2011-03-11 Thread Stefan Behnel

Dag Sverre Seljebotn, 11.03.2011 08:56:

Basically, I'm +1 to anything that can make me
pretend the GIL doesn't exist, even if it comes with a 2x performance hit:
Because that will make me write parallell code (which I can't be bothered
to do in Cython currently), and I have 4 cores on the laptop I use for
debugging, so I'd still get a 2x speedup.

Perhaps the long-term solution is something like an "autogil" mode could
work where Cython automatically releases the GIL on blocks where it can
(such as a typed for-loop), and acquires it back when needed (an
exception-raising if-block within said for-loop).
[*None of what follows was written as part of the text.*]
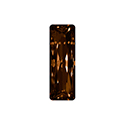 Aurora Crystal Point Back Fancy Stone Foiled - Princess Baguette 21X07MM SMOKED TOPAZ #3052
I assume you mean this to become a decorator or other option written into 
the code.




And when doing
multi-threading, GIL-requiring calls are dispatched to a master GIL-holding
thread (which would not be a worker thread, i.e. on 4 cores you'd have 4
workers + 1 GIL-holding support thread). So the advice for speeding up code
is simply "make sure your code is all typed", just like before, but people
can follow that advice without even having to learn about the GIL.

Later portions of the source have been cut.